◆ Task objective ◆
I need an exact copy of the lines from the one containing "2014 Ford F-250" through the end of the records, without any pictures.

Dataset entries
═══

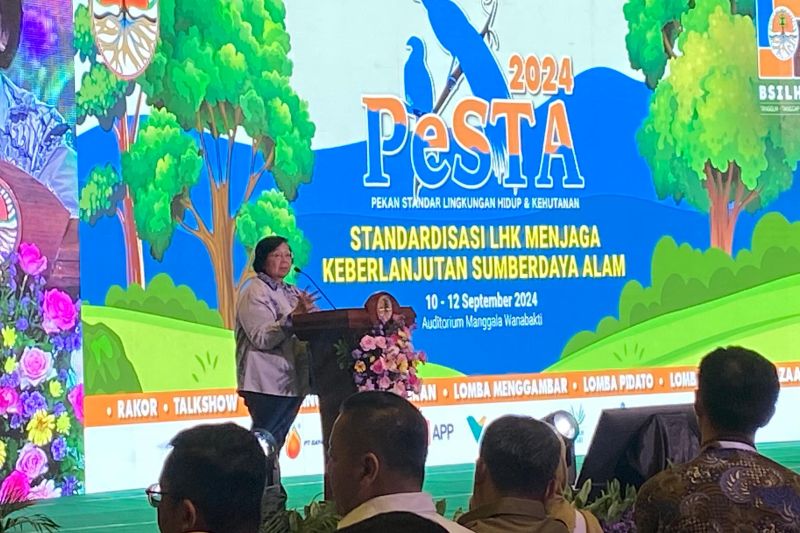 Environment and Forestry Minister Siti Nurbaya Bakar at the opening of the Environment and Forestry Standards Week (PeSTA) 2024 in Jakarta on Tuesday (September 10, 2024). (ANTARA/Prisca Triferna)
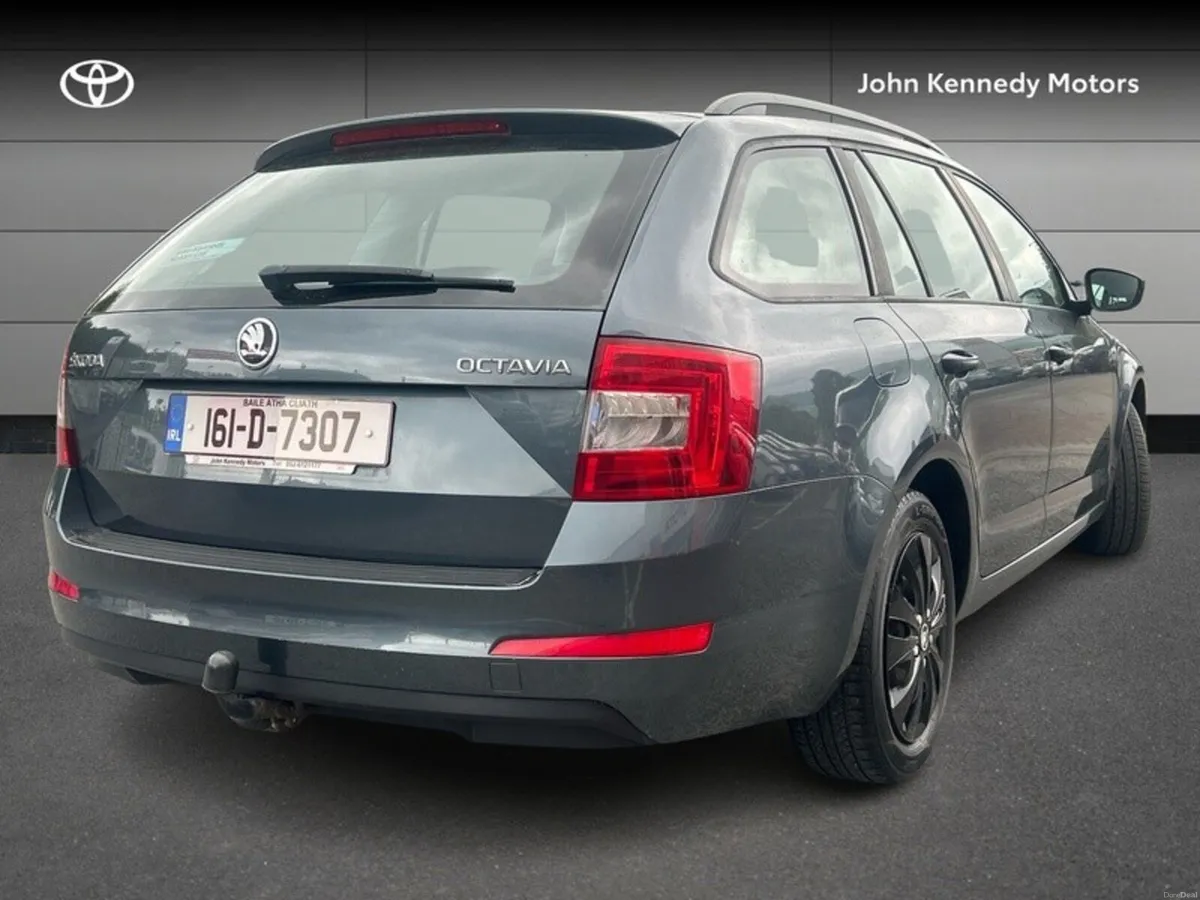 Skoda Octavia OCTAVIA ESTATE 1.6D - Image 2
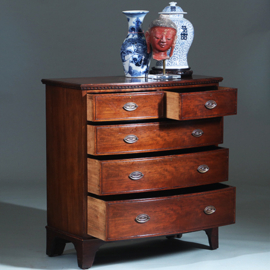 Bow front commode ca 1850 gerestaureerd en in zeer fraaie staat met brons beslag (No.260615)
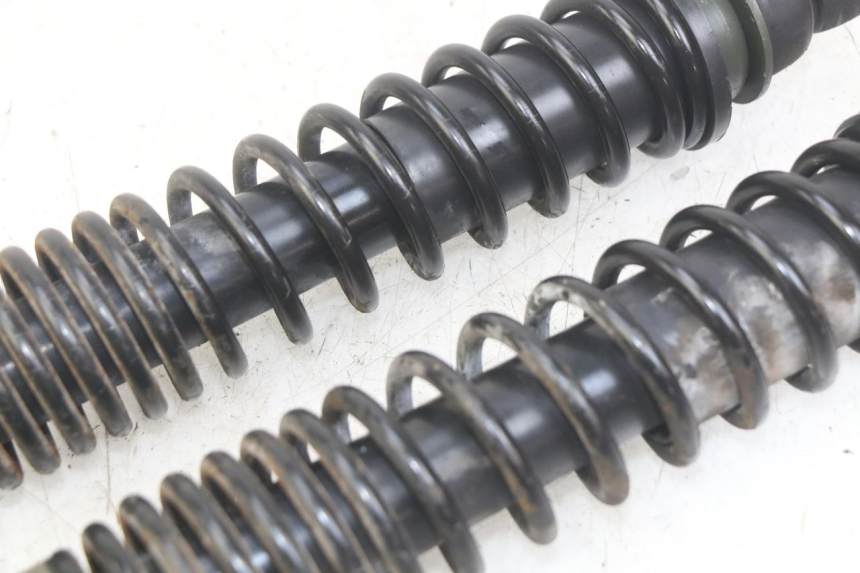 photo de SET ACHTERSCHOKDEMPERS PIAGGIO VESPA GRANTURISMO 125 (2003 - 2007) - Technische close-up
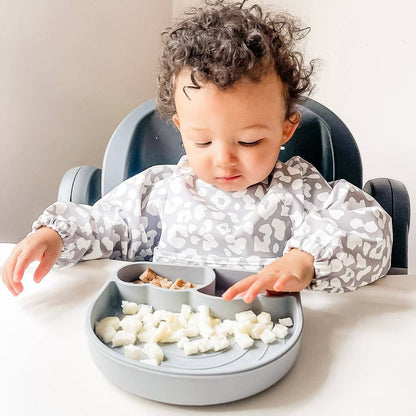 The Grayson Long Sleeve Bib - Leopard: Petal Pink / 6-36M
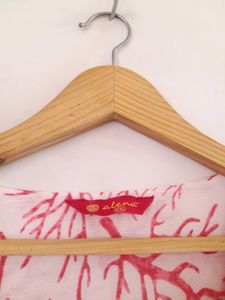 Pink Casual Top (Women's)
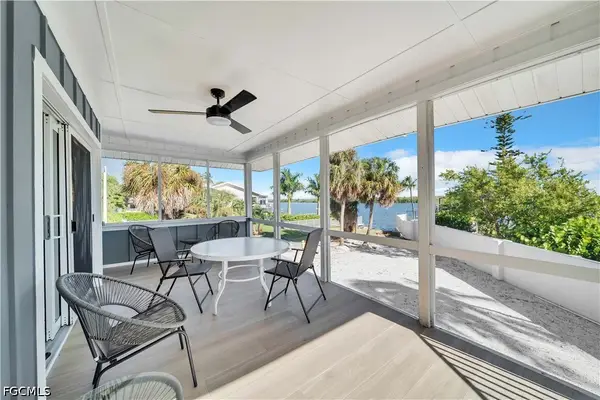 190 Bayview Avenue, Fort Myers Beach, FL 33931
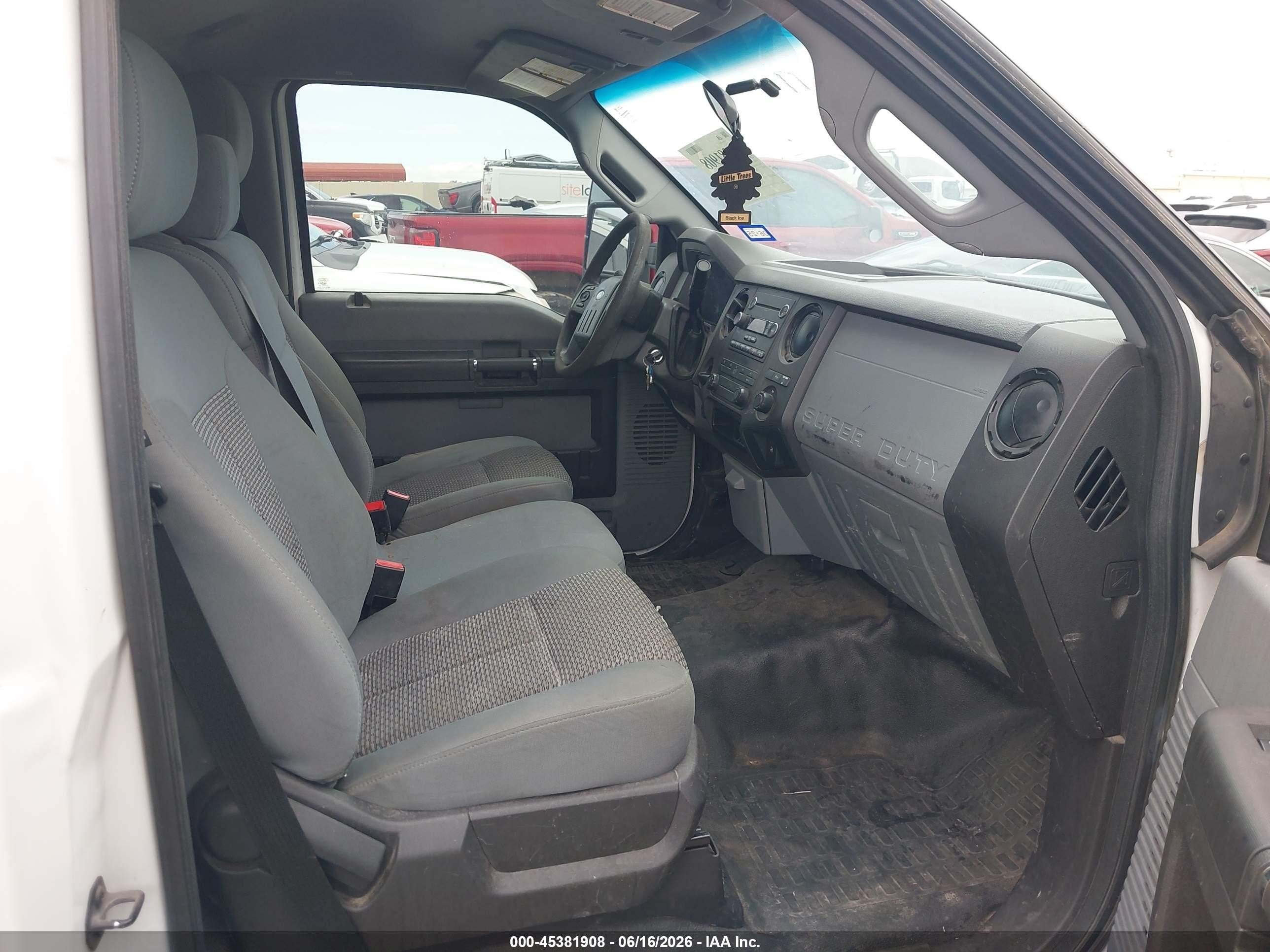 2014 Ford F-250 Xl White vin: 1FTBF2A61EEB11558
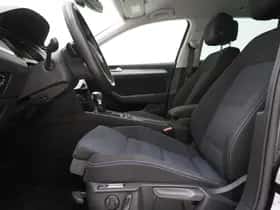 Volkswagen Passat (2021) thumbnail 15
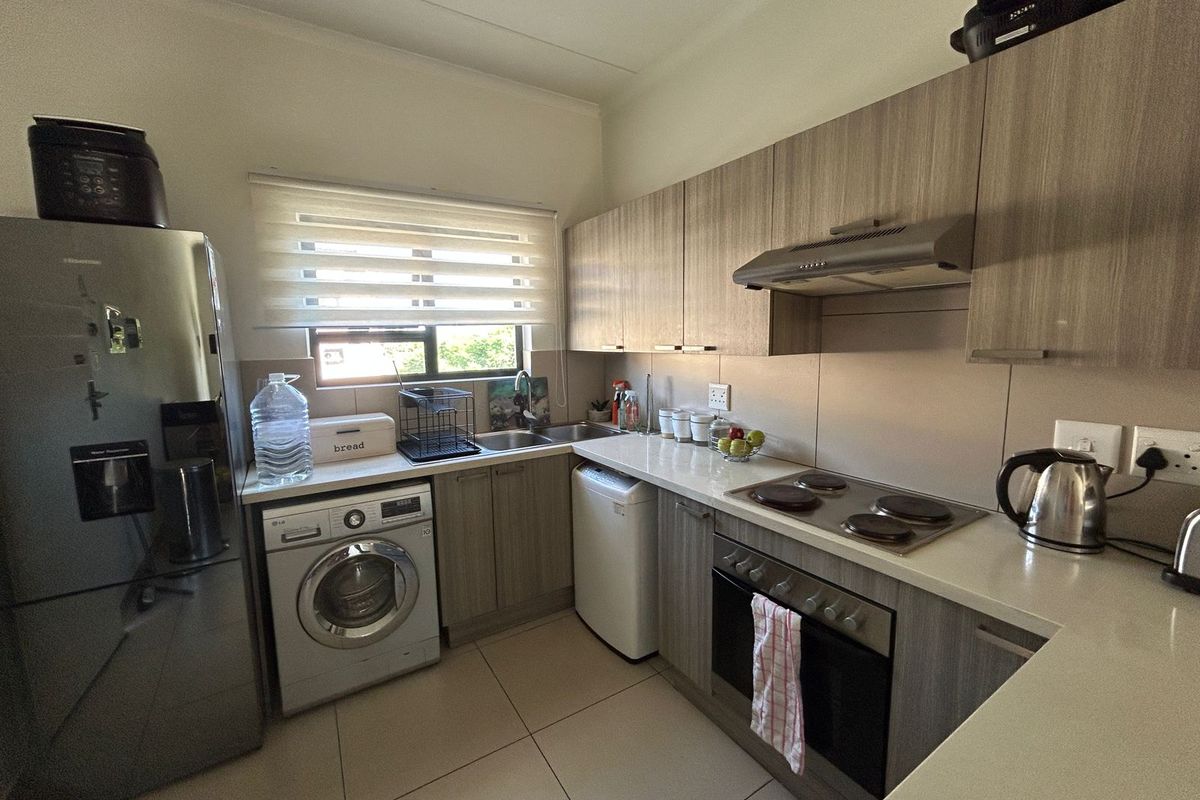 Two Bedrooms, One Bathroom & a Front-Row Seat to the Golf Course - Photo 3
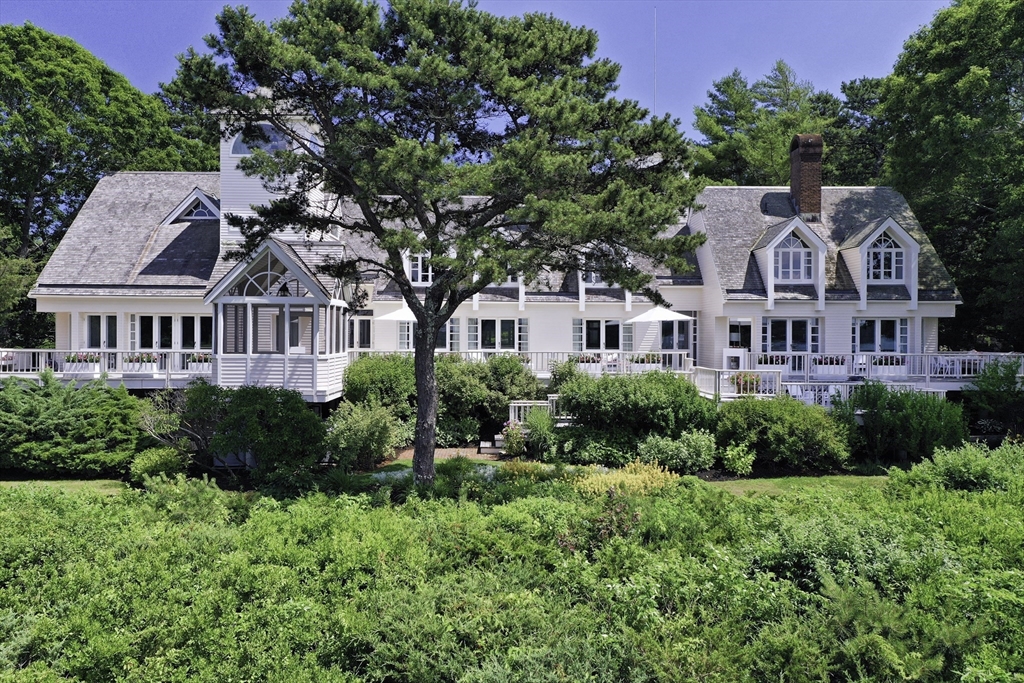 Barnstable, Massachusetts 02655, United States, 7 Bedrooms Bedrooms, ,6 BathroomsBathrooms,Residential,Active,74572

═══

◆ Exercise result ◆
 2014 Ford F-250 Xl White vin: 1FTBF2A61EEB11558
 Volkswagen Passat (2021) thumbnail 15
 Two Bedrooms, One Bathroom & a Front-Row Seat to the Golf Course - Photo 3
 Barnstable, Massachusetts 02655, United States, 7 Bedrooms Bedrooms, ,6 BathroomsBathrooms,Residential,Active,74572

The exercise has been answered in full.